Looking at the nvmet/configfs layout as-is, there are no multiple
backend types defined, nor a way to control backend feature bits
exposed to nvme namespaces at runtime.

What is being proposed is a way to share target-core backends via
existing configfs symlinks across SCSI and NVMe targets.

Which means:

   - All I/O state + memory submission is done at RCU protected
     se_device level via sbc_ops
   - percpu reference counting is done outside of target-core
   - Absorb all nvmet/io-cmd optimizations into target_core_iblock.c
   - Base starting point for features in SCSI + NVMe that span
     across multiple endpoints and instances (reservations + APTPL, 
     multipath, copy-offload across fabric types)

Using target-core backends means we get features like T10-PI and
sbc_ops->write_same for free that don't exist in nvmet, and can
utilize a common set of backend drivers for SCSI and NVMe via an
existing configfs ABI and python userspace community.

And to the second, and more important point for defining a configfs ABI
that works for both today's requirements, as well into the 2020s
without breaking user-space compatibility.

As-is, the initial design using top level nvmet configfs symlinks of
subsystem groups into individual port + host groups does not scale.

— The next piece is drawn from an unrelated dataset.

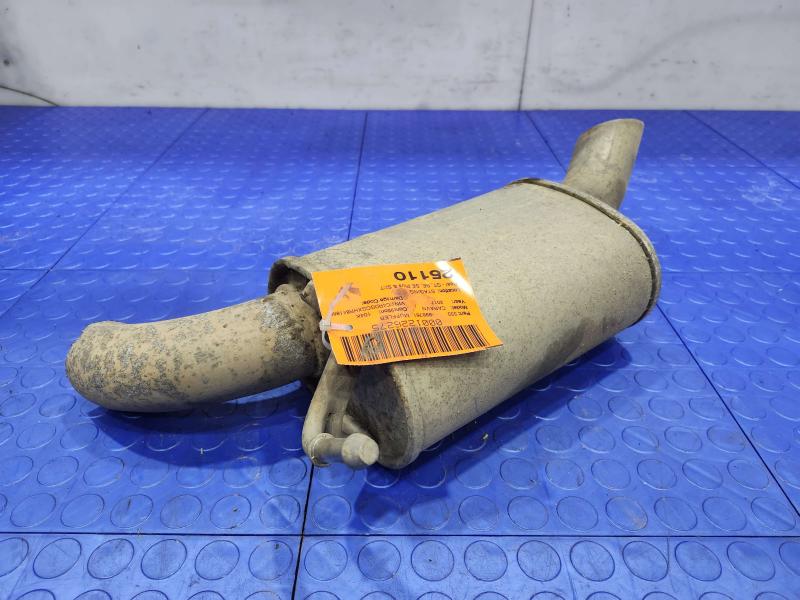 2011-2020 Dodge Grand Caravan Rear Exhaust Muffler Genuine OEM 68040540AI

That is, it currently does:

  - Sequential list lookup under global rw_mutex of top-level nvmet_port
    and nvmet_host symlink ->allow_link() and ->drop_link() configfs
    callbacks.
  - nvmet_fabrics_ops->add_port() callback invoked under same global
    rw mutex.

This is very bad for several reasons.

As-is, this blocks all other configfs port + host operations from
occurring even during normal operation, which makes it quite useless for
any type of multi-tenant target environment where the individual target
endpoints *must* be able to operate independently.

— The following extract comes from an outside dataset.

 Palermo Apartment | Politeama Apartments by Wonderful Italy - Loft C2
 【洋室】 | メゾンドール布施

Seriously, there is never a good reason why configfs group or item
callbacks should be performing list lookup under a global lock at
this level.

Why does it ever make sense for $SUBSYSTEM_NQN_0 with $PORT_DRIVER_FOO
to block operation of $SUBSYSTEM_NQN_1 with $PORT_DRIVER_BAR..?

A simple example where this design breaks down quickly is a NVMf
ops->add_port() call that requires a HW reset, or say reloading of
firmware that can take multiple seconds. (qla2xxx comes to mind).

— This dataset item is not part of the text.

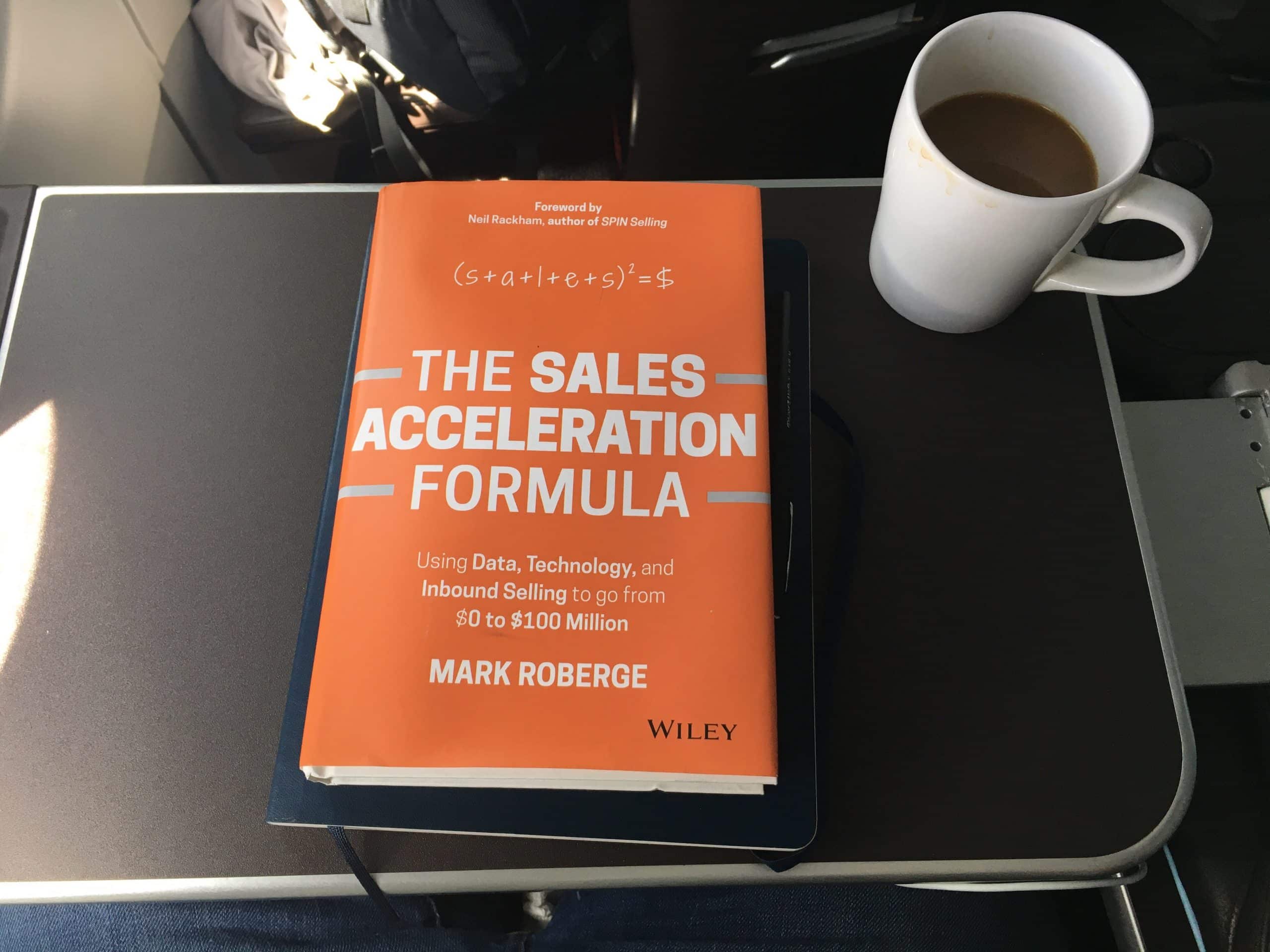 Our takeaways from The Sales Acceleration Formula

There is a simple test to highlight this limitation.  Take any
nvme-target driver that is capable of multiple ports, and introduce
a sleep(5) into each ops->add_port() call.

Now create 256 different subsystem NQNs with 256 different ports
across four different user-space processes.

What happens to other subsystems, ports and host groups configfs
symlinks when this occurs..?

What happens to the other user-space processes..?